Constructing Target Numbers

    Most games with skills use a Target Number or Difficulty Class, the number you have to roll equal or over to succeed.  These can be a little problematical though, since they are usually just given a general descriptor like "Easy," "Difficult," or "Hard."  Those are pretty subjective measurements.  But if a game doesn't use such broad terms then it tends to have a list of TNs/DCs for each and every skill, which is more helpfully specific, but also more work to look up and keep track of at the table (or stuff into your brain with the rest of the game world).

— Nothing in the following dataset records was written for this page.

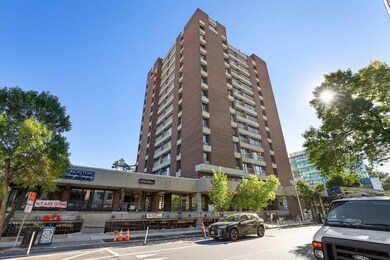 1105 Massachusetts Ave unit 7B, Cambridge, MA 02138 - photo 3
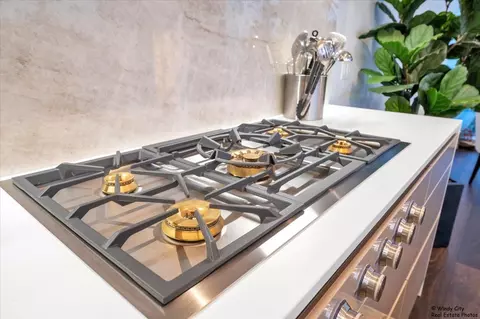 363 E Wacker Dr #6601, Chicago, IL 60601 photo 8
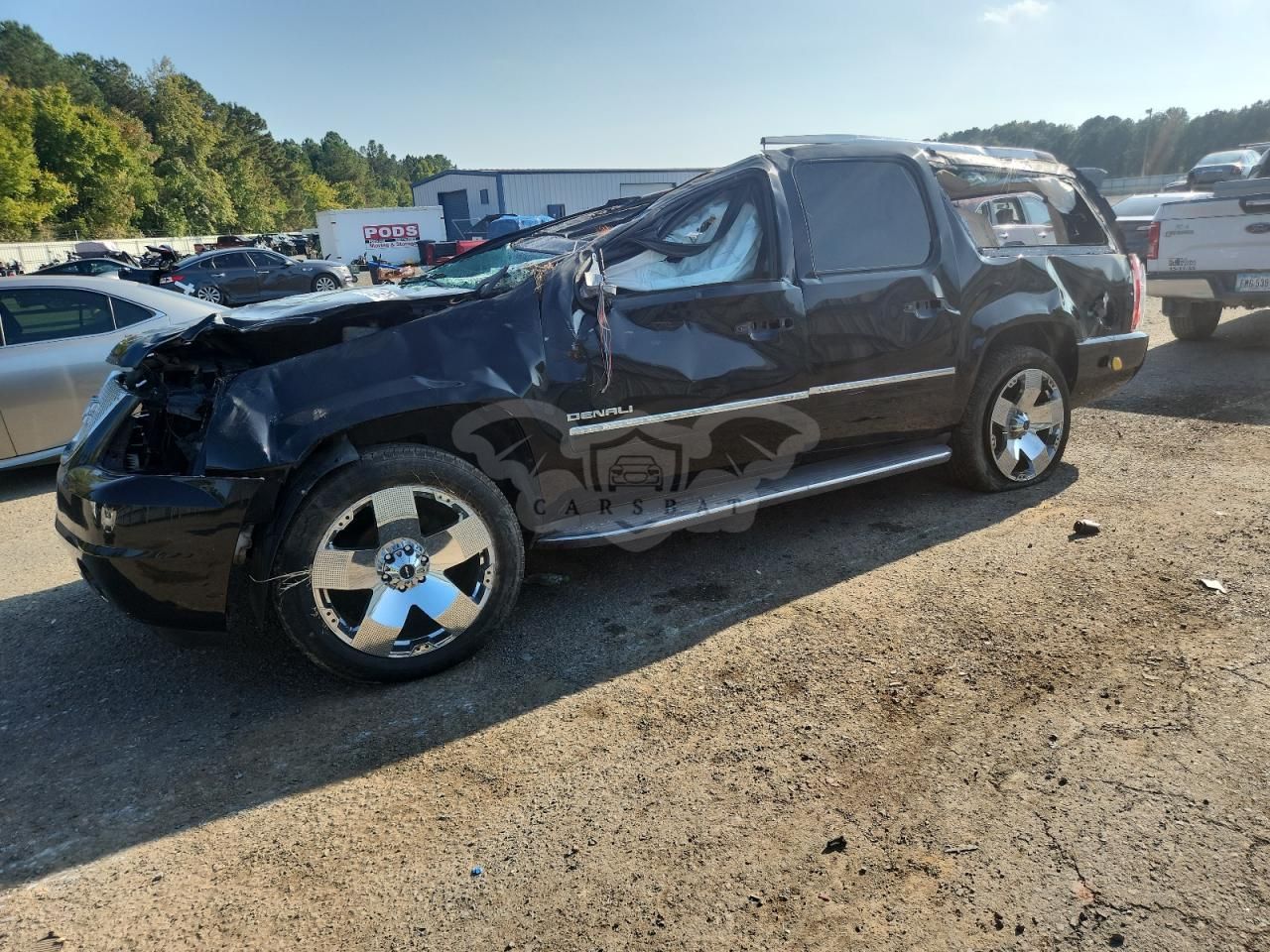 GMC Yukon DENALI 6.2L 8 2011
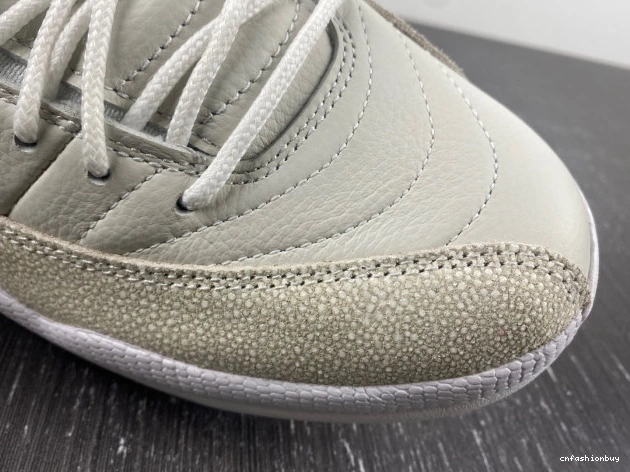 Jordan White OVO Retro 12 873864-102 0719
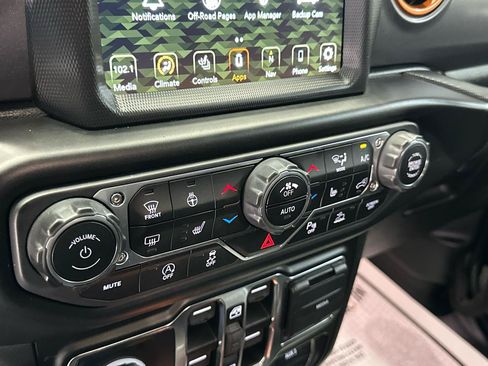 Used 2022 Jeep Gladiator Mojave w/ LED Lighting Group AWD/4WD image 27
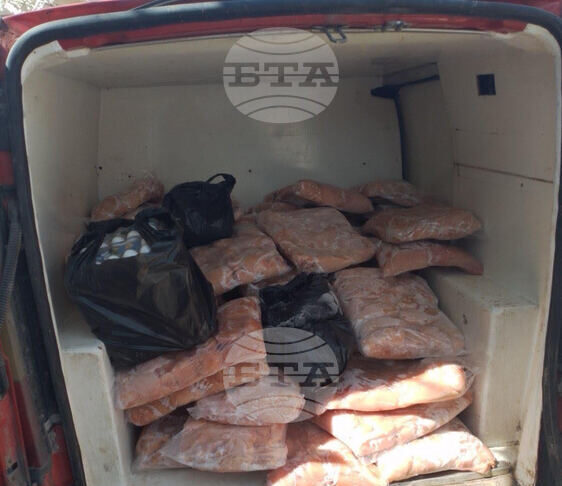 Над 600 тона храна без документи са иззети в Свиленград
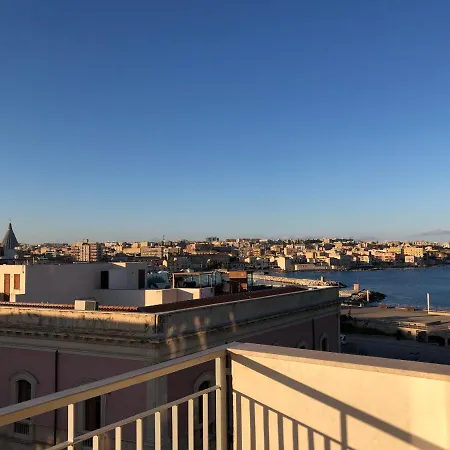 La Ortigia Apartment *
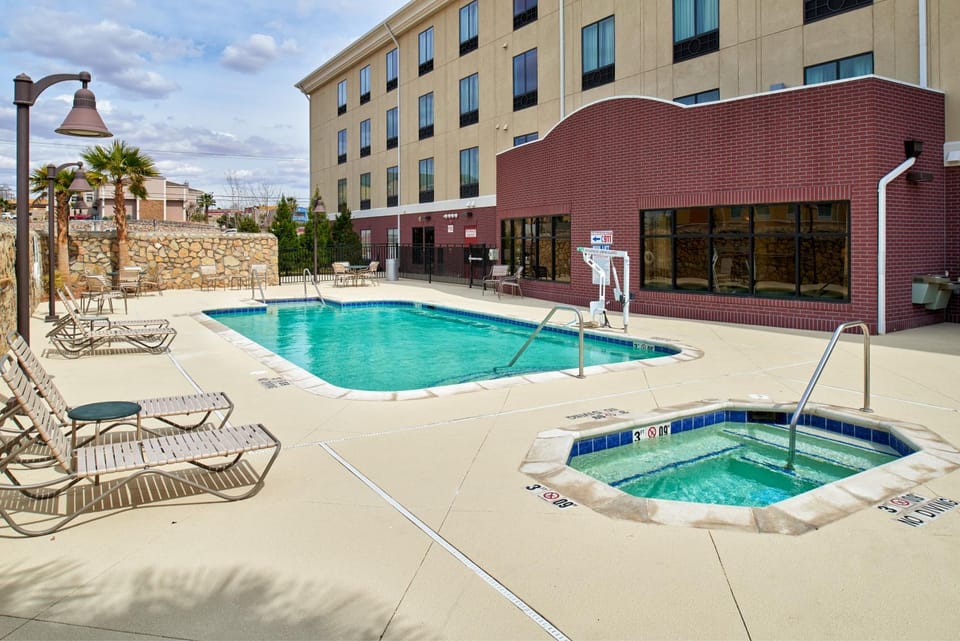 Swimming pool, Swimming pool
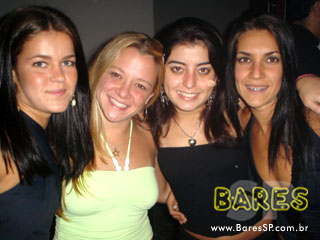 Fernanda Simionato no Bar Vitrine Fernanda Simionato no Bar Vitrine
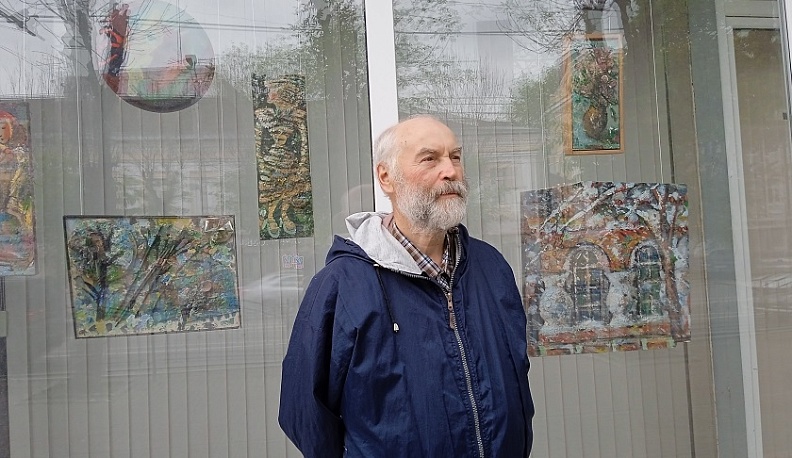 Калужский художник выпустил альбом, посвященный фузинкам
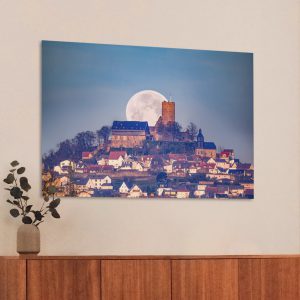 Die Burg Gleiberg während
des Monduntergangs im Morgenrot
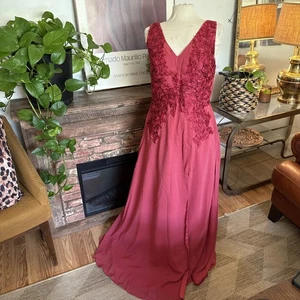 Wear Your Love Size 12 Formal Dress Wine Pink Fancy Appliqué Split Holiday New - Picture 1 of 16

    I had an idea, what if we tried to keep the best of both with a list of general difficulty components?  These would still be flexible and open to some interpretation, but hopefully specific enough to make it east to remember and adjudicate on the fly.
    Here are some of the things that create difficulty, in my mind, and this list is in no way complete:
  • Difficult to comprehend - I think this is what most people first think of when we talk about difficulty, the idea that whatever you're doing is hard to understand all by itself.  If you think my HTML, CSS and JavaScript is hard to follow, stuff like C++ and Assembly Language is even harder.  This element is for things that are hard to do in and of themselves.  Reading is easy, it does not increase the TN/DC - but reading something in a code, or even just a specific group's jargon or accent, may qualify for this.
  • Difficult to Track -here by "track" I mean that there is a lot going on, that the action or situation is confusing in part from how many different things you have to be mindful of or react to.  Adding more and more balls you're juggling will trigger this, or fighting in a crowd or mob of people (even just the "flanking" aspect), or texting and driving (which is why you shouldn't do it).  This adds to the difficulty because you have to split your attention.
  • Outside Stress -this is kind of like "difficult to track" above, but in a more basic sense.  This adds to the difficulty because there is something related to the problem at hand but not immediately from it.  If your brother was kidnapped and you had to hack a computer for the bad guy to let your brother go, then there is a lot of background stress that is going to make the hacking more difficult.  Even something like the Super Bowl- a regular football game is a challenge, but when it's the last game, the biggest crowd and the best opponents; that makes it even harder.
  • Hazard/ Cost of Failure -this increases the difficulty because you know something bad is going to happen to you if you fail.  Walking a tightrope 2 feet above the ground is not as difficult as one 200 feet above the ground - the actions may be the same, but the fear factor makes them noticeably different.
  • Incomplete (knowledge, tools, whatever) -here the difficulty comes from the fact that you're missing something important.  It could be physical by not having the right tools, or mental by not having the right understanding or information.
  • Unfamiliar/ Unusual/ Uncommon -lastly (for this example) is the difficulty of the unknown.  You may be the best mechanic on Earth, but you're going to have a hard time fixing that alien spaceship.  Even something more subtle like a foreign fighting style, or a culture you have not been exposed to, can increase the difficulty of an action.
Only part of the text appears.